Ainda quanto ao bem jurídico, distinguem-se crimes simples e crimes complexos. Nos tipos simples, está em causa a proteção de apenas um bem jurídico. Nos tipos complexos, pretende-se alcançar a proteção de vários bens jurídicos (ex: no roubo, artigo 210.º CP, tutela-se a propriedade, a integridade física e a liberdade individual).
4. Estrutura:
Para corresponder ao princípio da legalidade, o legislador cria grupos de tipos de crime:
- Crimes fundamentais: contêm o tipo objetivo de ilícito na sua forma mais simples (tipo-base).
- Crimes qualificados e privilegiados: o legislador acrescenta elementos que agravam (qualificados) ou atenuam (privilegiados) a pena.
- Crimes instantâneos: a consumação esgota-se num único momento.
- Crimes duradouros ou permanentes: a consumação prolonga-se no tempo por vontade do autor (ex: sequestro).
- Crime continuado: previsto no artigo 30.º CP. É uma pluralidade de atos que apresentam uma conexão objetiva e subjetiva que convida a tratar a pluralidade como um facto uno.

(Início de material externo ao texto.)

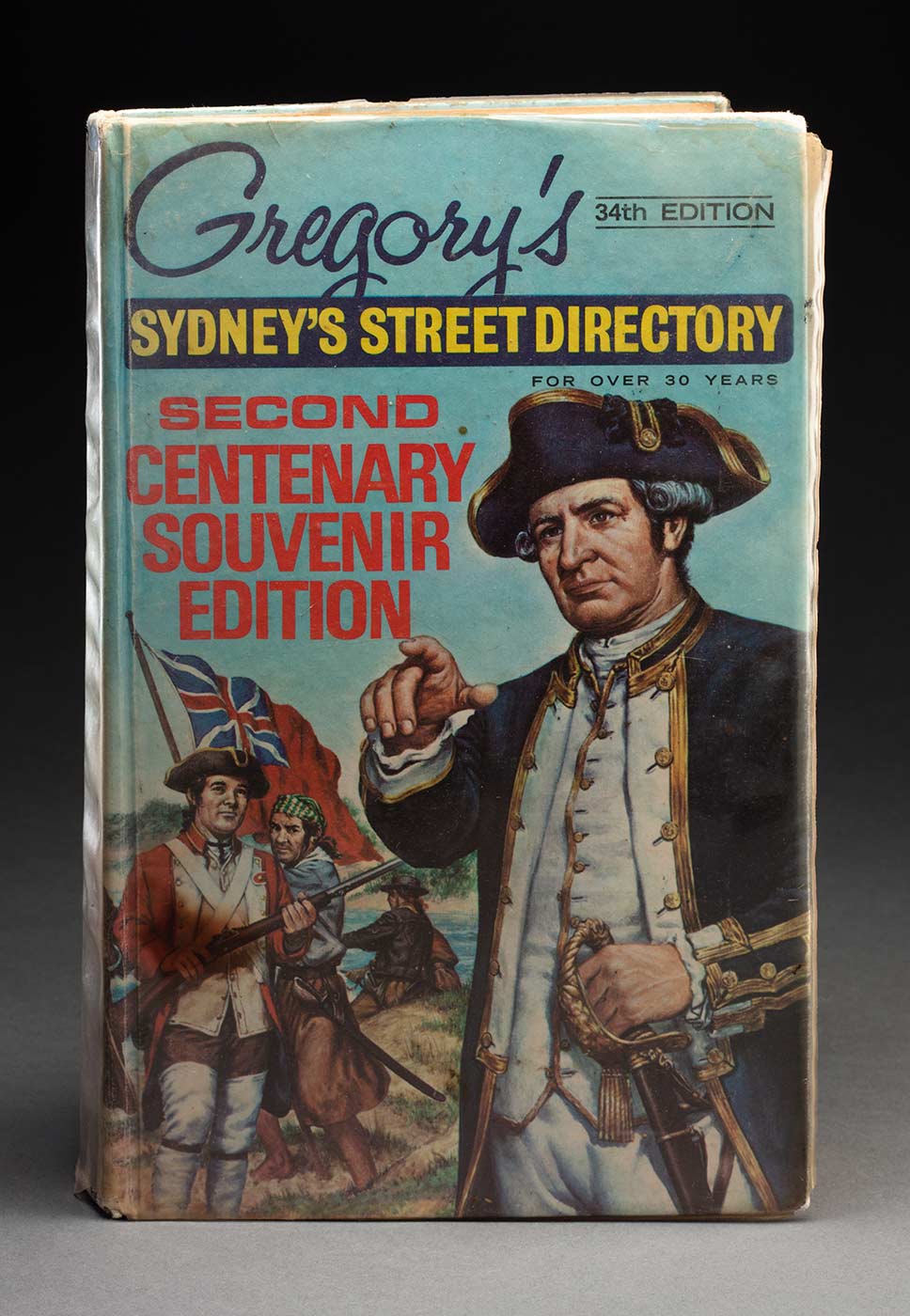 Gregory's 34th edition 'Sydney's Street Directory', second centenary souvenir edition. The front cover features a colour image with Captain Cook in the foreground on the right, and several other men with a flag in the background on the left. The cover has a plastic jacket. - click to view larger image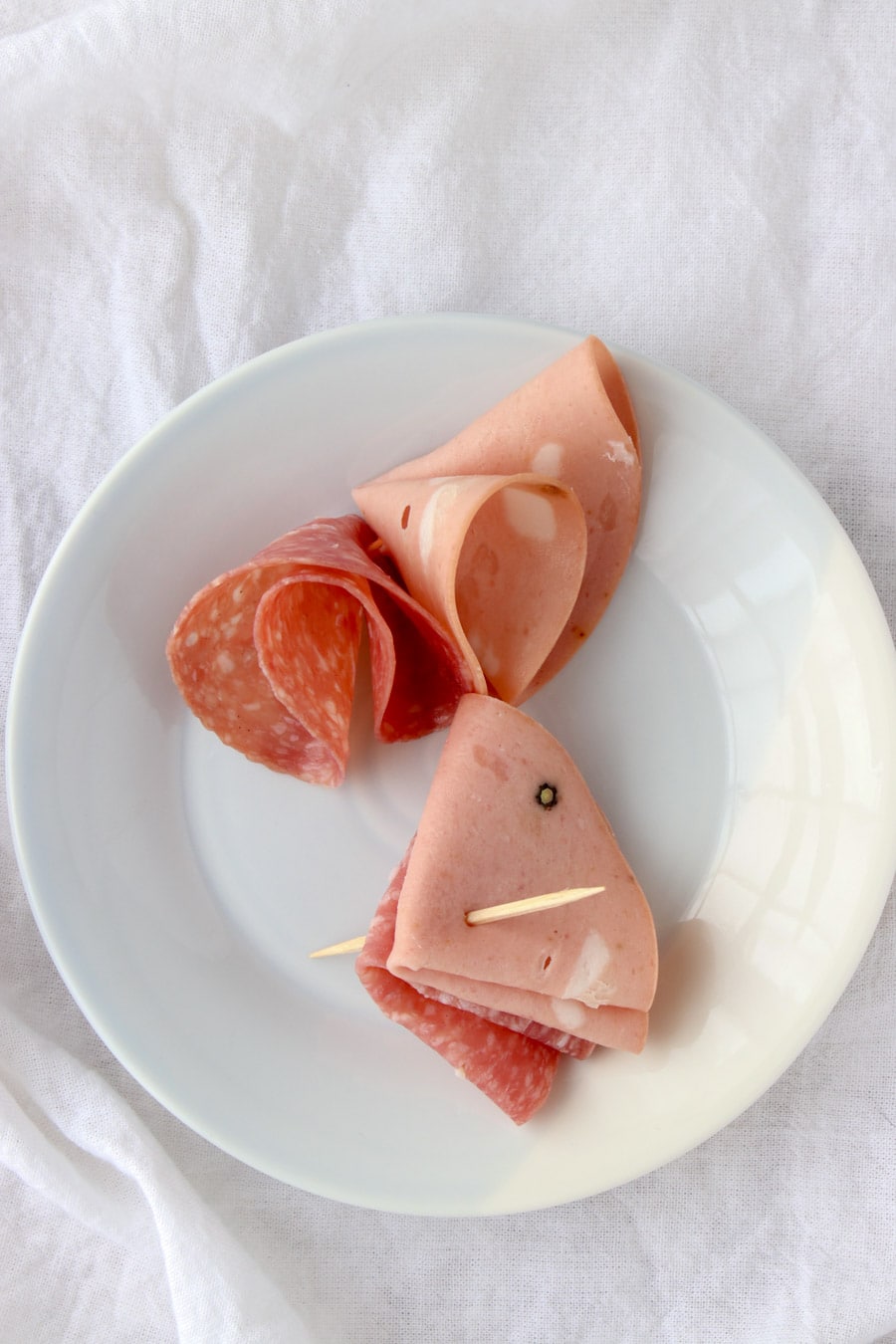 plate with mortadella and salami slices held together by a tooth pick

Concurso de Normas em Direito Penal
O agente, através de um comportamento individual e concreto, preenche a previsão de uma certa norma incriminadora. Por vezes, o mesmo comportamento preenche simultaneamente vários crimes.
Relação de Especialidade entre Normas
Existe uma relação de especialidade sempre que um dos tipos legais (lex specialis) integra todos os elementos de um outro tipo legal (lex generalis) e contém um elemento adicional. A regra é: lex specialis derogat legi generali.
Relação de Subsidiariedade entre Normas
Na subsidiariedade, não há uma sobreposição integral, mas uma relação de interseção. Se o comportamento couber nas zonas não sobrepostas, punimos cumulativamente. Nas zonas de interseção, a norma primária (pena mais grave) derroga a secundária. Tipos:
- Subsidiariedade expressa: o teor literal de um tipo restringe a sua aplicação à inexistência de outro tipo com pena mais grave.
- Subsidiariedade implícita: casos em que o legislador nada refere expressamente.
A Relação de Consunção
Existe quando o conteúdo de um ilícito-típico inclui, em regra, o de outro facto. A condenação pelo ilícito mais grave exprime o desvalor de todo o comportamento. Geralmente, a norma-fim consome a norma-instrumento. Se a norma-instrumento contiver pena mais grave que a norma-fim (ex: artigos 262.º e 265.º CP), ocorre a Consunção Impura, onde a pena mais grave consome a menor.